**Work to be completed**
Copy exactly the lines of the data below, beginning with the line with "Mappa delle Getijden" and ending with the line with "Vista 17 de". Pictures are to be omitted.

=== Data records ===

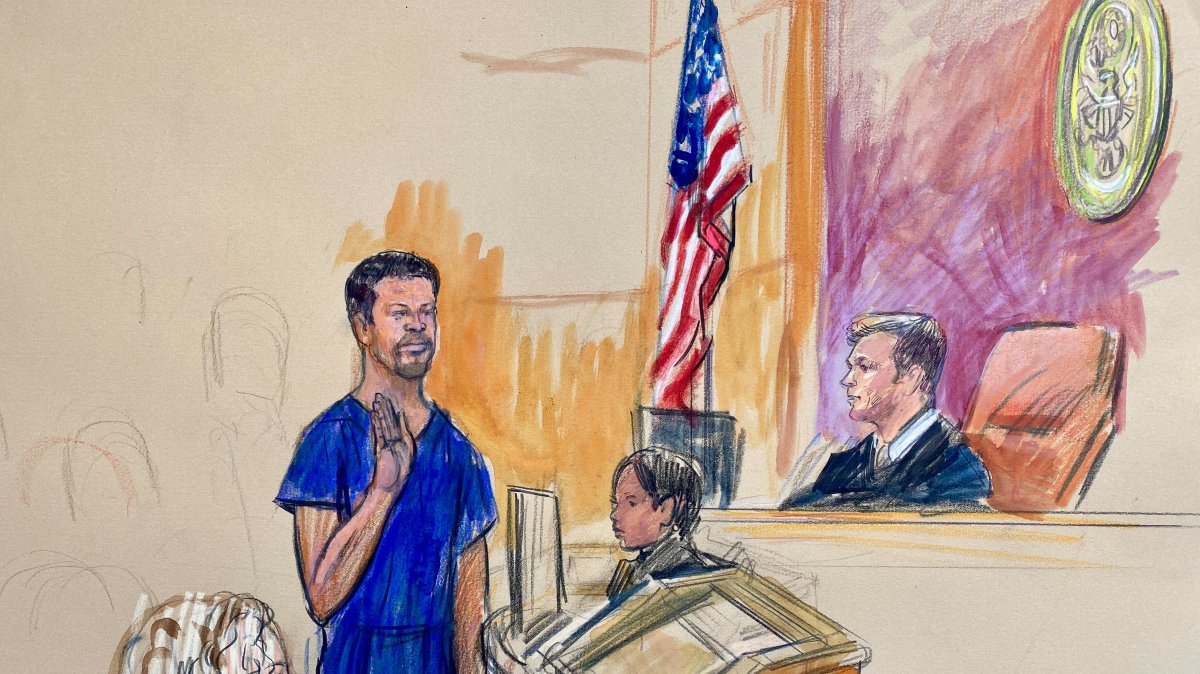 This courtroom sketch depicts Cole Tomas Allen (L), arrested in the shooting incident at the White House Correspondents’ Association dinner, appearing before Magistrate Judge Matthew J. Sharbaugh, in federal court, Washington, U.S., April 27, 2026. (AP Photo)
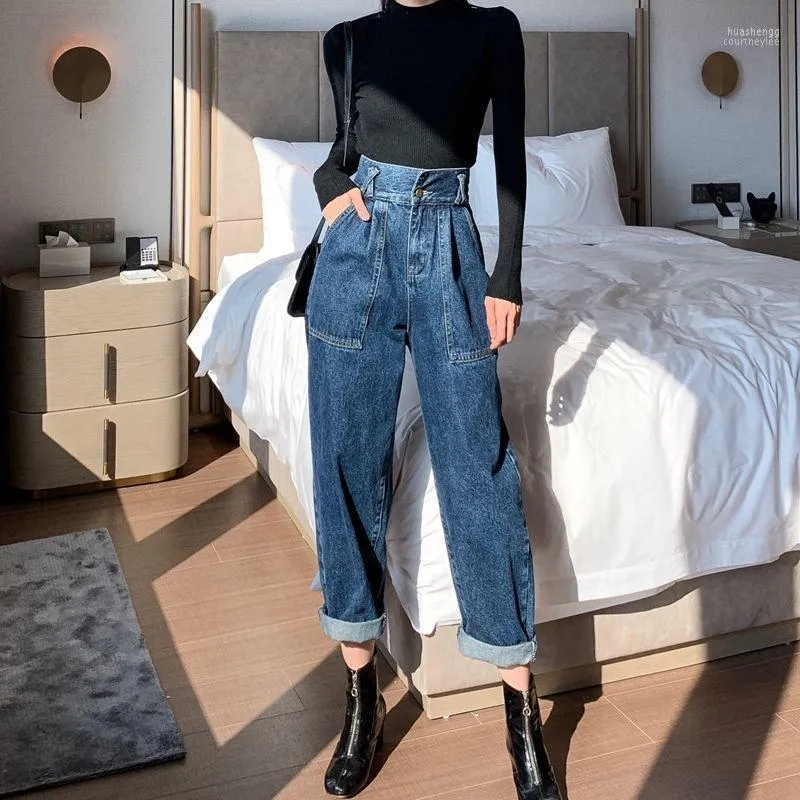 Kadınlar Kotlar Kadın Vintage Yüksek Bel Kadın için 2022 Sıska Siyah Mavi Harem Anne Erkek Arkadaş Kadın Denim Pantolon Kadın Pantolon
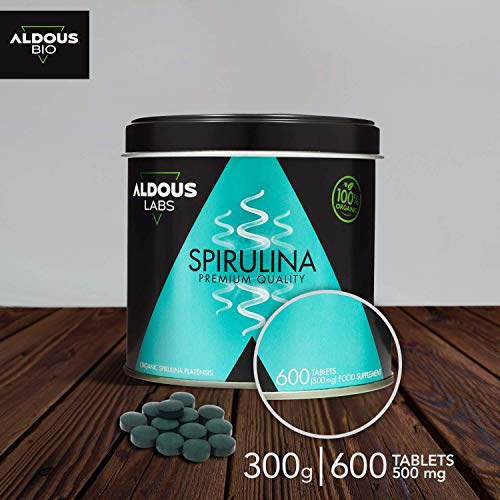 Espirulina Ecológica Premium para 18 Meses | 600 comprimidos de 500mg con 99% BIO Spirulina | Vegano - Saciante - DETOX - Proteína Vegetal | Certificación Ecológica (1 x 600 Comprimidos)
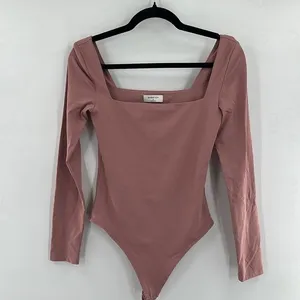 Aritzia Babaton Contour Square Neck Bodysuit Long Sleeve Maeve Pink Willow thumbnail 8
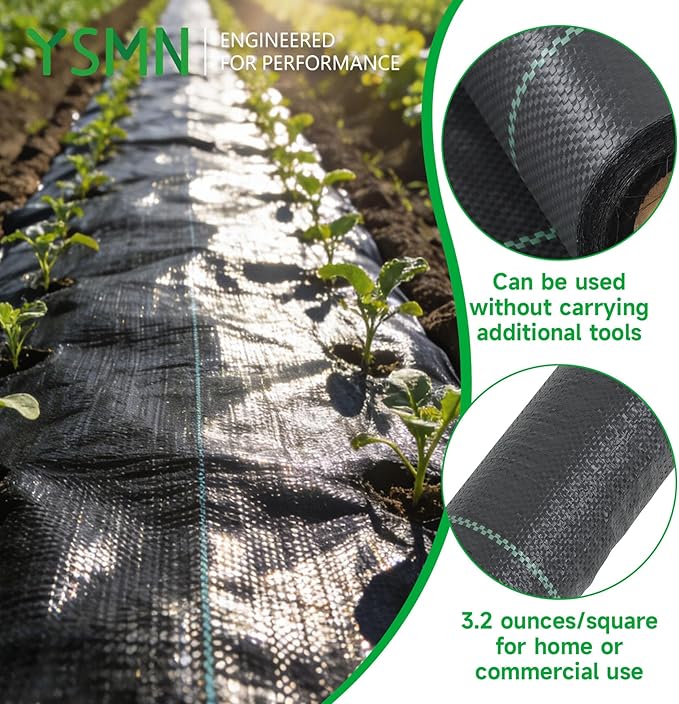 Weed Barrier Fabric Planting Cover - 6 x 200 FT Heavy Duty Landscape Fabric Ground Cover Block for Outdoor Planting - Image 5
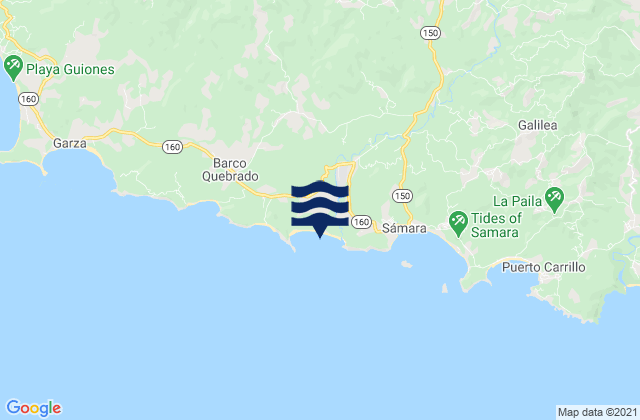 Mappa delle Getijden in Playa Buena Vista, Costa Rica
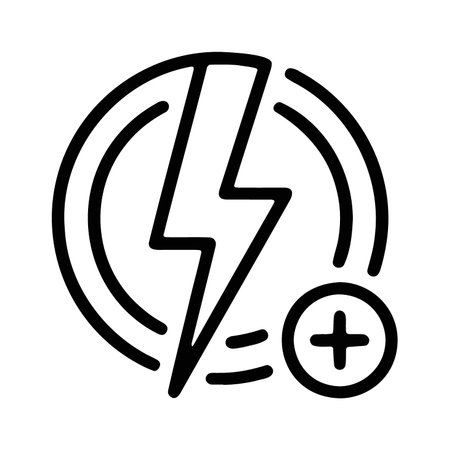 Electric charging plus symbol with lightning bolt in circle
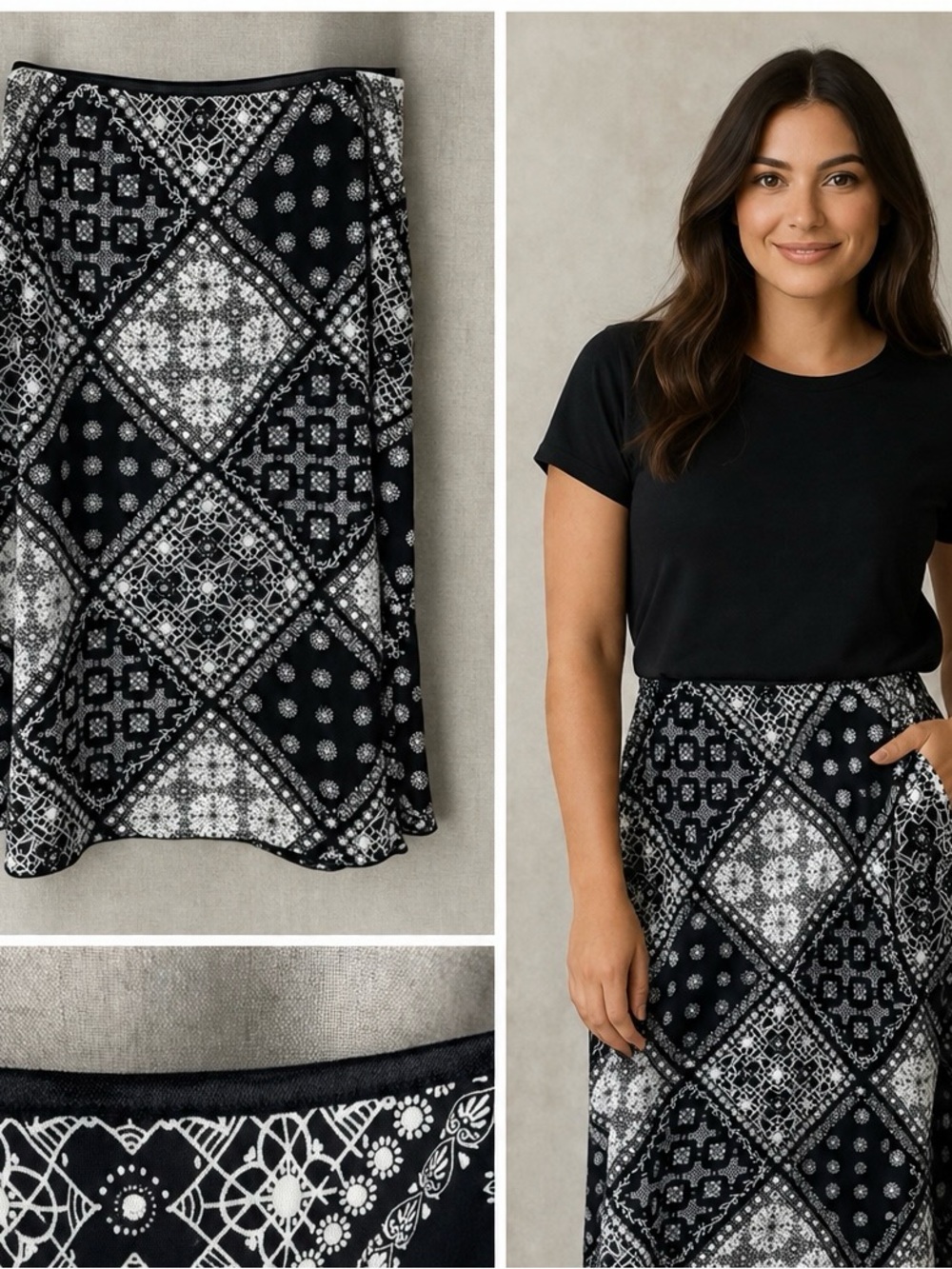 Vintage Bandana Skirt Black White Stretch Patchwork Print Cottagecore Femme L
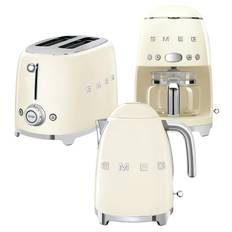 Smeg Frukostset Brödrost + Vattenkokare + Kaffebryggare Creme - Övriga Köksmaskiner Lackerat Stål Creme - 204922+195713+231021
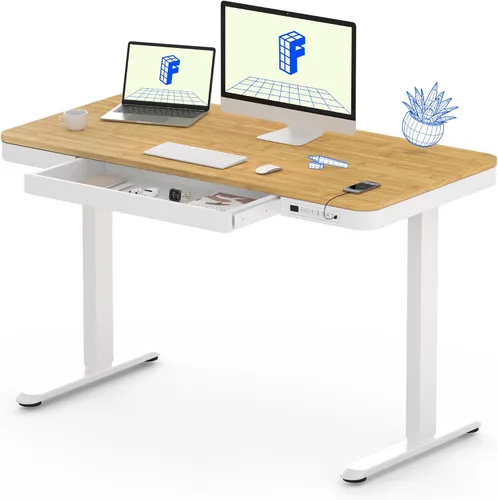 Vista 17 de FLEXISPOT Comhar - Escritorio de pie eléctrico de cristal puro con cajones, escritorio y puertos de carga USB, escritorio ergonómico de altura
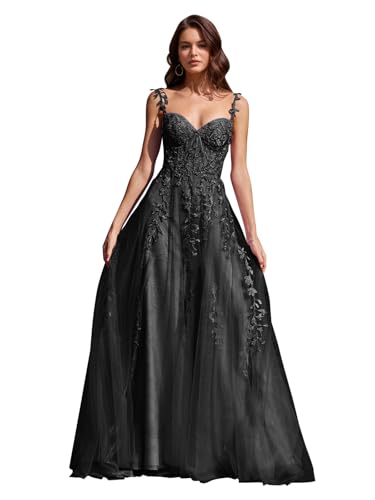Image of Long Tulle Prom Dresses 2025 V Neck Floral Long Ball Gowns for Women Lace Applique Formal Evening Gowns ACE159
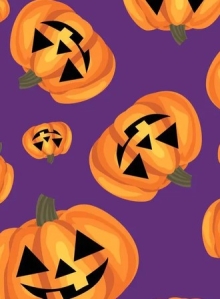 45 " Halloween - Happy Pumpkin Purple - 1 yd
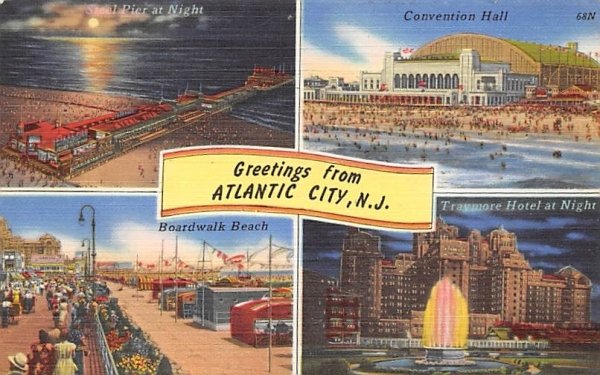 Greetings from Atlantic City, N. J., USA in Atlantic City, New Jersey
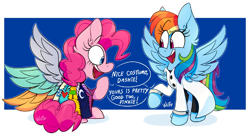 Size: 1280x690 | Tagged: source needed, safe, artist:wutanimations, imported from derpibooru, pinkie pie, rainbow dash, earth pony, pegasus, pony, fanfic:cupcakes, fanfic:rainbow factory, clothes, comic, compliment, costume, crossover, cutie mark dress, dialogue, dress, duo, fanfic art, female, looking at each other, looking at someone, mare, nightmare night, passepartout, rainbow factory dash, talking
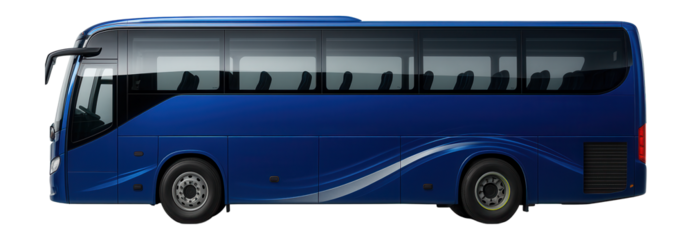 Tourist bus with a distinctive color scheme and large side-view windows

===

**Answer to this exercise**
 Mappa delle Getijden in Playa Buena Vista, Costa Rica
 Electric charging plus symbol with lightning bolt in circle
 Vintage Bandana Skirt Black White Stretch Patchwork Print Cottagecore Femme L
 Smeg Frukostset Brödrost + Vattenkokare + Kaffebryggare Creme - Övriga Köksmaskiner Lackerat Stål Creme - 204922+195713+231021
 Vista 17 de FLEXISPOT Comhar - Escritorio de pie eléctrico de cristal puro con cajones, escritorio y puertos de carga USB, escritorio ergonómico de altura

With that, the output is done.